TASK TO CARRY OUT -
Reproduce the data below in full and exclude every picture.
### INPUT MATERIAL
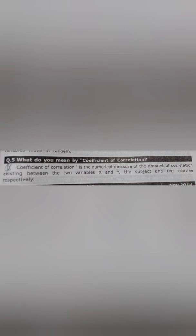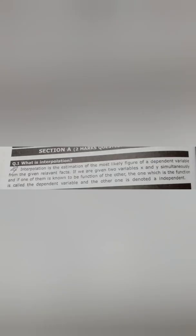What do you mean by coefficient of correlation? The coefficient of correlation is the numerical measurement of the amount of correlation existing between two variables, for example x and y, representing a subject and respective values.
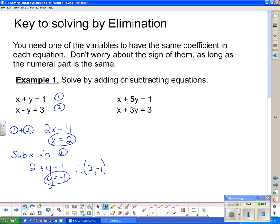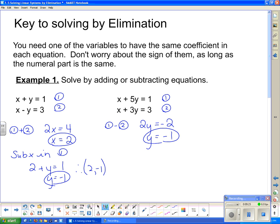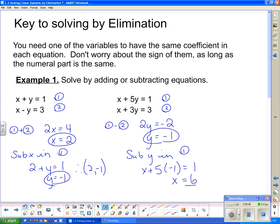In the second question, the x's are the only thing with the same number in front of them - both have a coefficient of 1. Since they have the same number and both are positive, to make them go away I have to subtract. I'm going to take equation 1 and subtract equation 2. When I do that, the x's go away, and I'm left with 2y. On the other side I have 1 minus 3, which gives negative 2. Dividing both sides by 2 gives y equals negative 1. Substituting y into equation 1: x plus 5 times negative 1 equals 1; that's negative 5, so adding 5 on both sides gives x equals 6. Therefore, my answer is (6, -1).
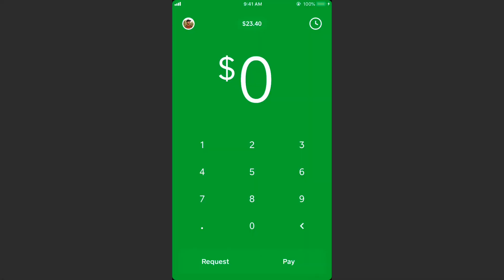What's up guys, Andy here with another episode of Tap Lab. In this episode I'm going to show you how to send and receive bitcoin using the Cash App. As you probably know from my previous videos, Cash App allows you to buy and sell bitcoin. If you want to learn more about Cash App or the bitcoin process within the Cash App, be sure to check out my other videos — there's a playlist with tons of videos.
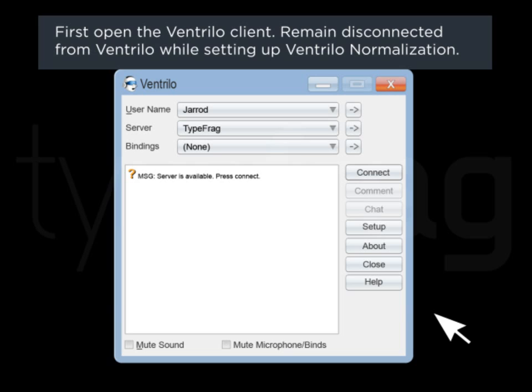First, open the Ventrillo client. Remain disconnected from Ventrillo while setting up Ventrillo normalization.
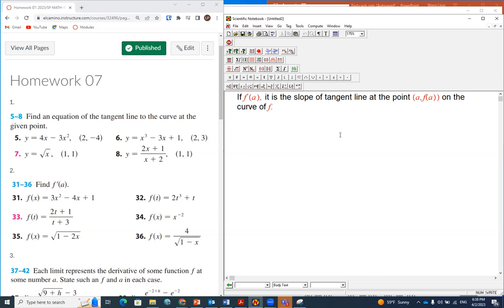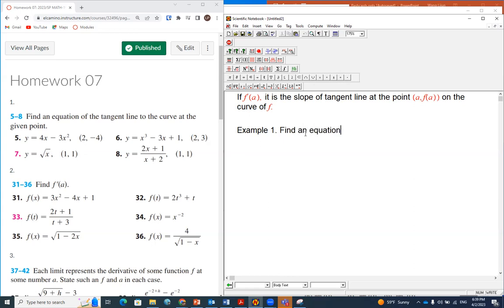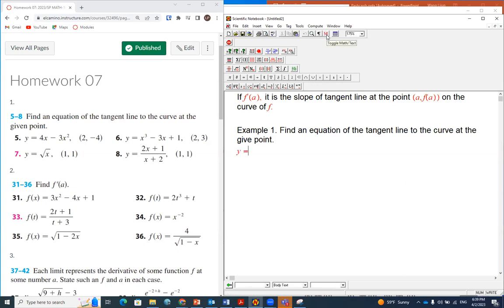We're going to illustrate this by some examples. So take number seven, for example — I'll just call it Example 1. What we want to do here is find an equation of the tangent line to the curve at the given point. The function is y equals the square root of x, and the given point is (1, 1).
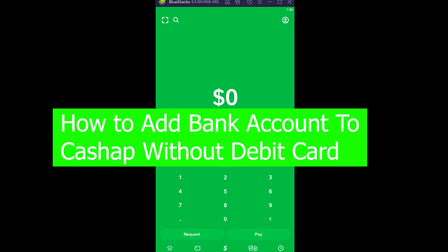Good morning and good afternoon to everyone watching the video and welcome back to our channel Finance Guru. In this video I'm going to show you how to add a bank account to Cash App without a debit card.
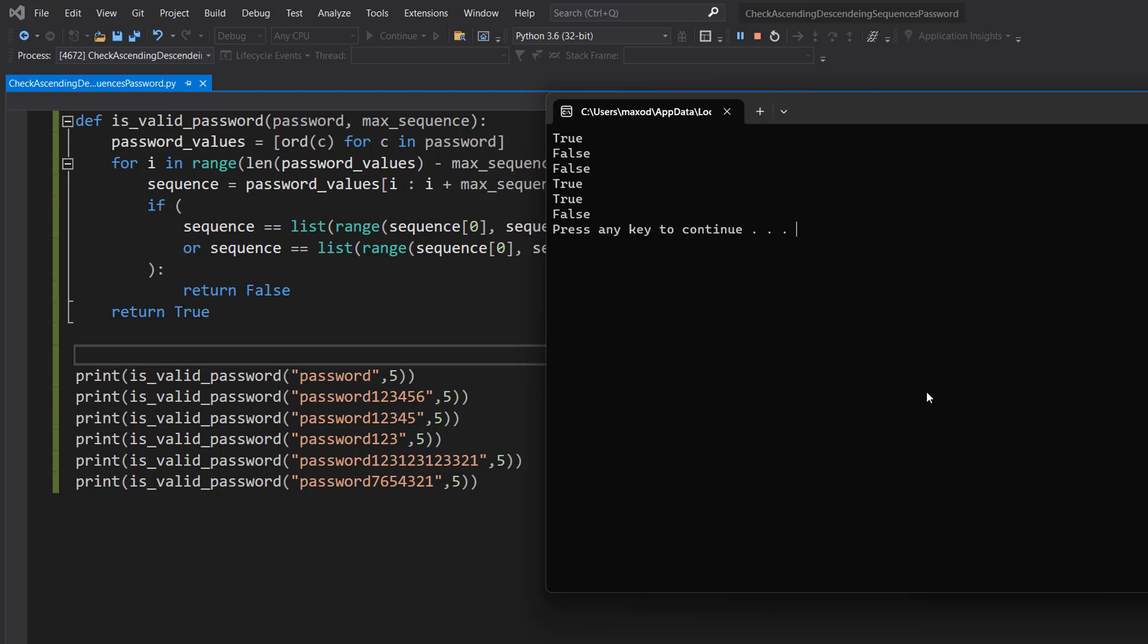Then we have one-two-three, one-two-three, one-two-three, three-two-one. This is valid because while we have loads of sequences, each sequence only goes up to three, and then we have a descending sequence at the end, three-two-one, and it's still valid. The final password is invalid because we have a descending sequence going from seven down to one.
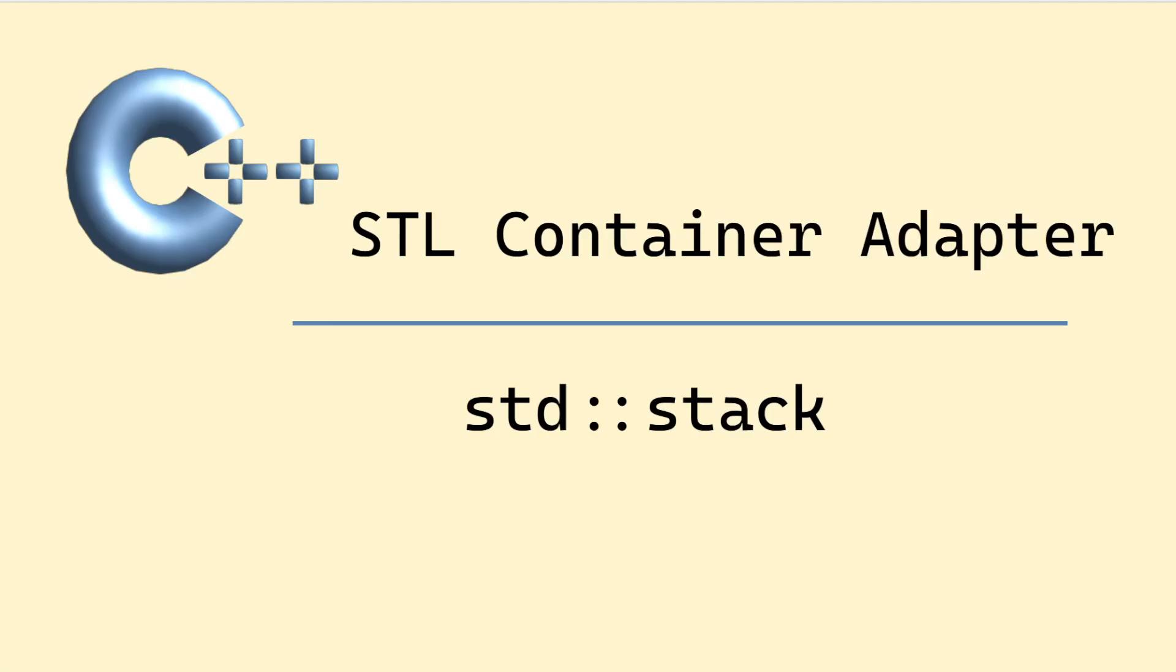In this video I am going to be talking about std::stack in C++ which is an STL container adapter. By container adapter it means a container is adapted for this particular use or adapted with a specific interface, or more specifically for using it as a stacked data structure.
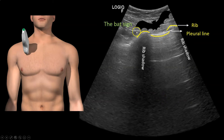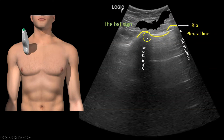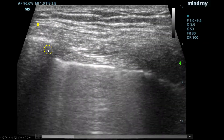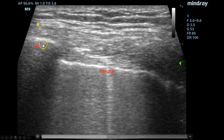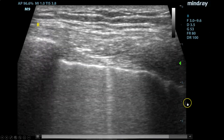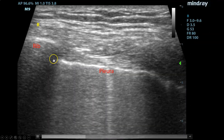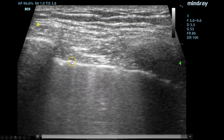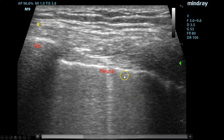This exact view of seeing rib, rib, and pleural line is called the bat sign. In real life, you'll see there's a rib there, barely visible at the bottom of the screen, and then this is the pleural line shimmering back and forth — that's lung sliding.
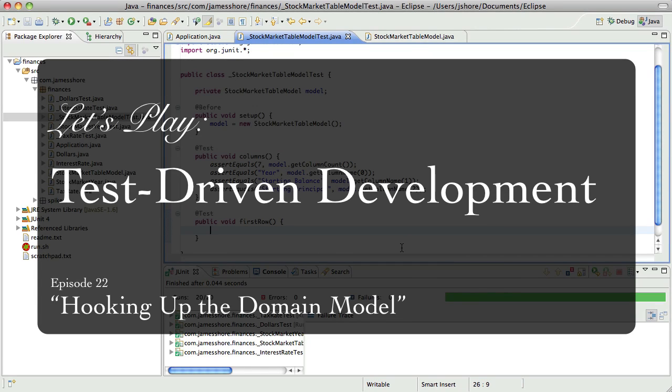Hello everyone, this is James Schorr with another test-driven development video. I'm going to pick up right where we left off with the last video.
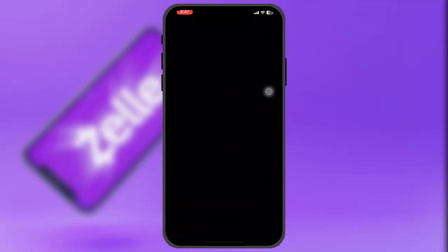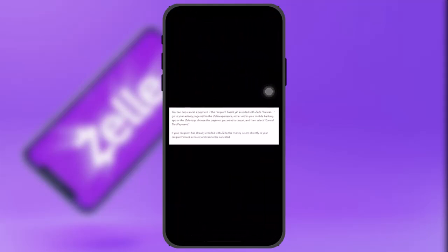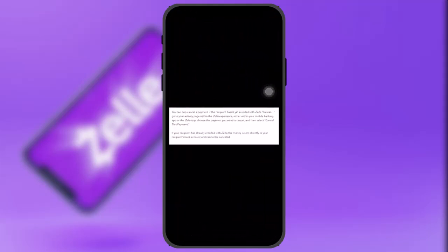If you sent a payment using Zelle and need to cancel it, the ability to cancel depends on whether the payment has already been completed or is still pending. Check the payment status. If the payment is still pending, you might be able to cancel it.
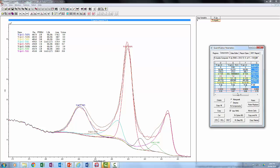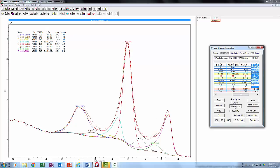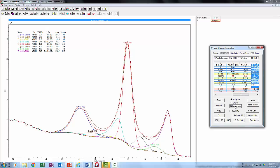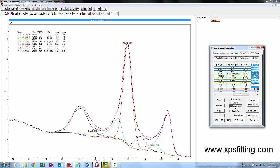If we hit fit a couple of times, we're now starting to get a pretty good fit of this entire spectrum. You can see we've quantified all the different species, and that's that for titanium.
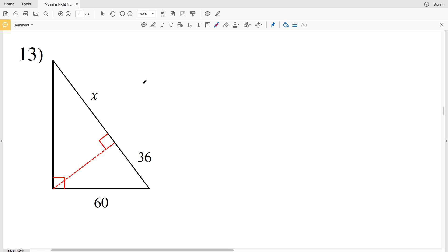In this video we're going to finish the similar right triangles worksheet on the CUDA software website under the geometry section, picking up with number 13. We know from the theorem discussed in previous videos that all three triangles within the diagram are going to be similar.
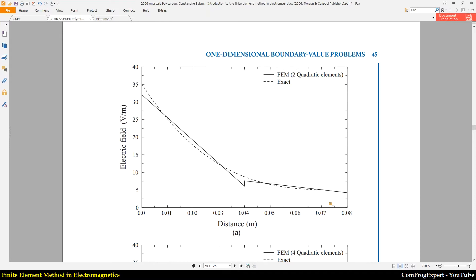As you can see in this graph, this is the electric field for the exact solution, but this is the electric field using quadratic mesh elements. We have a discontinuity at the boundary points of mesh elements. The electric field for quadratic mesh elements is linear, and we don't have a continuous function.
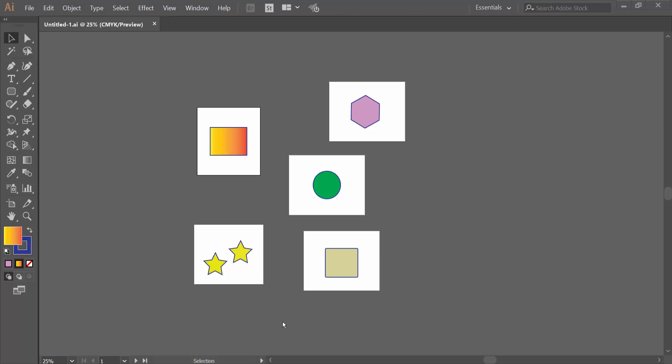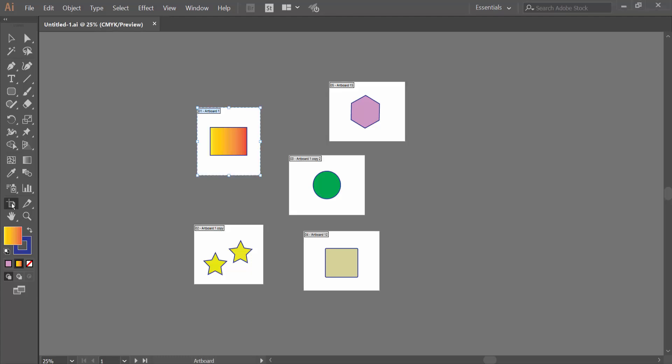Hello everyone, today I will show you how to copy an artboard without artwork in Adobe Illustrator. Open your Illustrator file and click on the Artboard Tools option to activate it. You can also activate this tool by pressing Shift plus O on the keyboard.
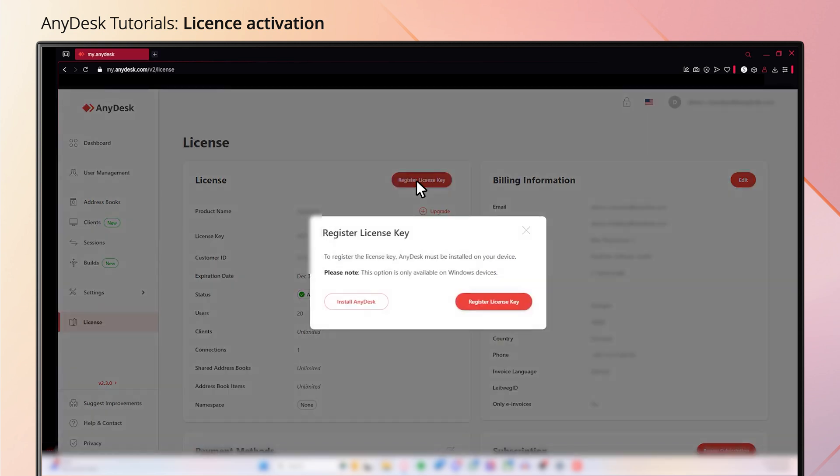The AnyDesk application will need to be installed on your device for this to be able to work. And once you hit register license key, it will automatically apply it to the downloaded application of AnyDesk.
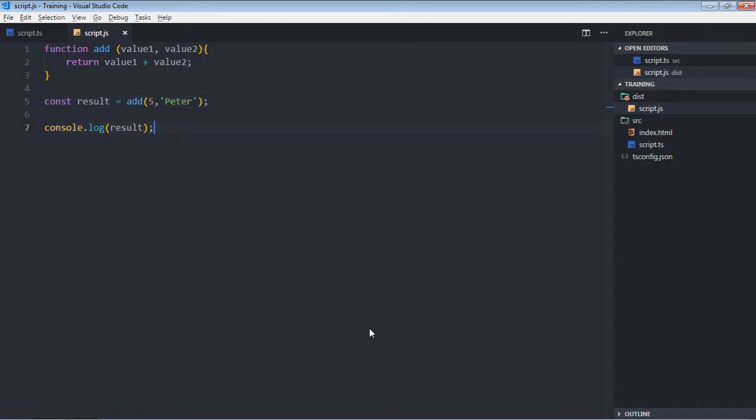As you can see, this function is working absolutely fine as long as the type is same. If both are string we are getting concatenation, if both are numbers we are getting total. But if one is number and one is string we are simply getting concatenation in return. We can fix this problem with the help of TypeScript.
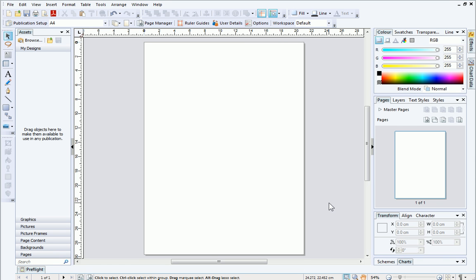In PagePlus, the rulers around your page are basically a digital version of the Paste Up Artist T-square. Although the rulers are extremely useful as a measuring tool, they can also help you align objects.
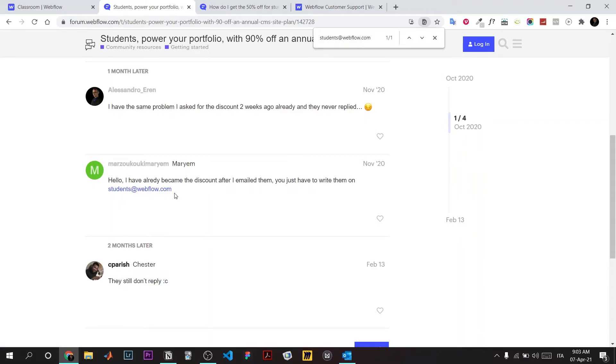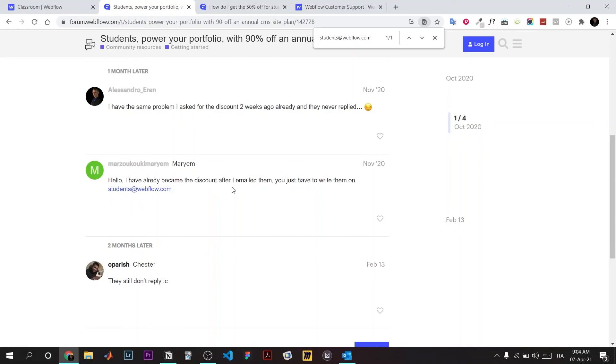You should send the email with an educational email address, for example like dot edu. But it doesn't have to be dot edu, it could be your university dot something. It worked for me.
######
EXERCISE RESULT -
What do you mean by coefficient of correlation? The coefficient of correlation is the numerical measurement of the amount of correlation existing between two variables, for example x and y, representing a subject and respective values.
In the second question, the x's are the only thing with the same number in front of them - both have a coefficient of 1. Since they have the same number and both are positive, to make them go away I have to subtract. I'm going to take equation 1 and subtract equation 2. When I do that, the x's go away, and I'm left with 2y. On the other side I have 1 minus 3, which gives negative 2. Dividing both sides by 2 gives y equals negative 1. Substituting y into equation 1: x plus 5 times negative 1 equals 1; that's negative 5, so adding 5 on both sides gives x equals 6. Therefore, my answer is (6, -1).
What's up guys, Andy here with another episode of Tap Lab. In this episode I'm going to show you how to send and receive bitcoin using the Cash App. As you probably know from my previous videos, Cash App allows you to buy and sell bitcoin. If you want to learn more about Cash App or the bitcoin process within the Cash App, be sure to check out my other videos — there's a playlist with tons of videos.
First, open the Ventrillo client. Remain disconnected from Ventrillo while setting up Ventrillo normalization.
We're going to illustrate this by some examples. So take number seven, for example — I'll just call it Example 1. What we want to do here is find an equation of the tangent line to the curve at the given point. The function is y equals the square root of x, and the given point is (1, 1).
Good morning and good afternoon to everyone watching the video and welcome back to our channel Finance Guru. In this video I'm going to show you how to add a bank account to Cash App without a debit card.
Then we have one-two-three, one-two-three, one-two-three, three-two-one. This is valid because while we have loads of sequences, each sequence only goes up to three, and then we have a descending sequence at the end, three-two-one, and it's still valid. The final password is invalid because we have a descending sequence going from seven down to one.
In this video I am going to be talking about std::stack in C++ which is an STL container adapter. By container adapter it means a container is adapted for this particular use or adapted with a specific interface, or more specifically for using it as a stacked data structure.
This exact view of seeing rib, rib, and pleural line is called the bat sign. In real life, you'll see there's a rib there, barely visible at the bottom of the screen, and then this is the pleural line shimmering back and forth — that's lung sliding.
Hello everyone, this is James Schorr with another test-driven development video. I'm going to pick up right where we left off with the last video.
If you sent a payment using Zelle and need to cancel it, the ability to cancel depends on whether the payment has already been completed or is still pending. Check the payment status. If the payment is still pending, you might be able to cancel it.
If we hit fit a couple of times, we're now starting to get a pretty good fit of this entire spectrum. You can see we've quantified all the different species, and that's that for titanium.
In this video we're going to finish the similar right triangles worksheet on the CUDA software website under the geometry section, picking up with number 13. We know from the theorem discussed in previous videos that all three triangles within the diagram are going to be similar.
As you can see in this graph, this is the electric field for the exact solution, but this is the electric field using quadratic mesh elements. We have a discontinuity at the boundary points of mesh elements. The electric field for quadratic mesh elements is linear, and we don't have a continuous function.
Hello everyone, today I will show you how to copy an artboard without artwork in Adobe Illustrator. Open your Illustrator file and click on the Artboard Tools option to activate it. You can also activate this tool by pressing Shift plus O on the keyboard.
The AnyDesk application will need to be installed on your device for this to be able to work. And once you hit register license key, it will automatically apply it to the downloaded application of AnyDesk.
As you can see, this function is working absolutely fine as long as the type is same. If both are string we are getting concatenation, if both are numbers we are getting total. But if one is number and one is string we are simply getting concatenation in return. We can fix this problem with the help of TypeScript.
In PagePlus, the rulers around your page are basically a digital version of the Paste Up Artist T-square. Although the rulers are extremely useful as a measuring tool, they can also help you align objects.
You should send the email with an educational email address, for example like dot edu. But it doesn't have to be dot edu, it could be your university dot something. It worked for me.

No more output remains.